When I came back from the East last autumn I felt that I wanted the world to be in uniform and at a sort ‘It’ll show you how I’ve gotten to feel about—things. Well, she was less than an hour old and Tom was God knows where. I woke up out of the ether with an utterly abandoned feeling, and asked the nurse right away if it was a boy or a girl. She told me it was a girl, and so I turned my head away and wept. “All right,” I said, “I’m glad it’s a girl. And I hope she’ll be a fool—that’s the best thing a girl can be in this world, a beautiful little fool.”’

. . . .

Why they came East I don’t know. . . . I had no sight into Daisy’s heart, but I felt that Tom would drift on forever seeking, a little wistfully, for the dramatic turbulence of some irrecoverable football game.

. . . .

The truth was that Jay Gatsby, of West Egg, Long Island, sprang from his Platonic conception of himself. He was a son of God—a phrase which, if it means anything, means just that—and he must be about His Father’s business, the service of a vast, vulgar, and meretricious beauty.
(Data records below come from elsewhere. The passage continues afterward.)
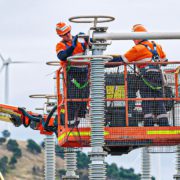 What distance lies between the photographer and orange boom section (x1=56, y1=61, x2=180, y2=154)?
1096 inches

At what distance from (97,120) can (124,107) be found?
3712 millimetres

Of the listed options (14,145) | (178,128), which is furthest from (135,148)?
(14,145)

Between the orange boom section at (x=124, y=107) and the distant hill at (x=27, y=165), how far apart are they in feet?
350

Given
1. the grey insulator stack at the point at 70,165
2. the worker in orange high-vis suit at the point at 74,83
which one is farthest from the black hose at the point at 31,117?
the worker in orange high-vis suit at the point at 74,83

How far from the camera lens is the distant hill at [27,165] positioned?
13800cm

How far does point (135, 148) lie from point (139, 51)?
2188mm

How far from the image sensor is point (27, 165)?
145 metres

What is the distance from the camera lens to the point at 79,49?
28.7 metres

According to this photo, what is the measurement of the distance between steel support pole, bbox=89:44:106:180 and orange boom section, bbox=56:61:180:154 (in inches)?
112

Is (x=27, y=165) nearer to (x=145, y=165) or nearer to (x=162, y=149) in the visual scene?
(x=145, y=165)

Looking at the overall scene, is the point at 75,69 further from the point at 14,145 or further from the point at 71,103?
the point at 14,145

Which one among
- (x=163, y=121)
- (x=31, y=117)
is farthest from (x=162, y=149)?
(x=31, y=117)

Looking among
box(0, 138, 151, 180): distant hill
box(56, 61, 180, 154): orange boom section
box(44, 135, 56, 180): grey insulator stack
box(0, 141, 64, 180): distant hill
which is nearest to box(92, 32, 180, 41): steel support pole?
box(56, 61, 180, 154): orange boom section

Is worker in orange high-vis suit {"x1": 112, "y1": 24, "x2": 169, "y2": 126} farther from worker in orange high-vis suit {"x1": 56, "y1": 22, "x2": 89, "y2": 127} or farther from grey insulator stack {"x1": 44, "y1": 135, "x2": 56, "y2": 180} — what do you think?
grey insulator stack {"x1": 44, "y1": 135, "x2": 56, "y2": 180}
So he invented just the sort of Jay Gatsby that a seventeen year old boy would be likely to invent, and to this conception he was faithful to the end.

. . . .

He had one of those rare smiles with a quality of eternal reassurance in it, that you may come across four or five times in life. It faced, or seemed to face, the whole external world for an instant and then concentrated on you with an irresistible prejudice in your favor. It understood you just as far as you wanted to be understood, believed in you as you would like to believe in yourself.

. . . .

That’s my Middle West . . . the street lamps and sleigh bells in the frosty dark. . . . I see now that this has been a story of the West, after all—Tom and Gatsby, Daisy and Jordan and I, were all Westerners, and perhaps we possessed some deficiency in common which made us subtly unadaptable to Eastern life.

. . . .

They were careless people, Tom and Daisy—they smashed up things and . . . then retreated back into their money . . . and let other people clean up the mess they had made.

. . . .

You see I think everything’s terrible anyhow, she went on . . . “Everybody thinks so—the most advanced people. And I know. I’ve been everywhere and seen everything and done everything . . . Sophisticated—God, I’m sophisticated!

. . . .

I am still a little afraid of missing something if I forget that, as my father snobbishly suggested, and I snobbishly repeat, a sense of the fundamental decencies is parcelled out unequally at birth.

. . . .

In my younger . . . years my father gave me some advice . . . “Whenever you feel like criticizing any one . . . just remember that all the people in this world haven’t had the advantages that you’ve had.

. . . .

‘Anything can happen now that we’ve slid over this bridge,’ I thought; ‘anything at all. . . .’ Even Gatsby could happen, without any particular wonder.

. . . .

We drew in deep breaths . . . as we walked back . . . through the cold vestibules, unutterably aware of our identity with this country for one strange hour, before we melted indistinguishably into it again.

. . . .

‘I married him because I thought he was a gentleman,’ she said finally. ‘I thought he knew something about breeding, but he wasn’t fit to lick my shoe.’

. . . .

He talked a lot about the past, and I gathered that he wanted to recover something, some idea of himself perhaps, that had gone into loving Daisy.

. . . .

Neither of them can stand the person they’re married to…. What I say is, why go on living with them if they can’t stand them? If I was them I’d get a divorce and get married to each other right away.

. . . .

For a while I lost sight of Jordan Baker, and then in midsummer I found her again . . . . I wasn’t actually in love, but I felt a sort of tender curiosity.

. . . .

Gatsby believed in the green light, the orgastic future that year by year recedes before us. It eluded us then, but that’s no matter—tomorrow we will run faster, stretch out our arms farther. . . . And then one fine morning—

. . . .

[H]e stretched out his arms toward the dark water. . . . I . . . distinguished nothing except a single green light, minute and far way. . . . When I looked once more for Gatsby he had vanished. . . .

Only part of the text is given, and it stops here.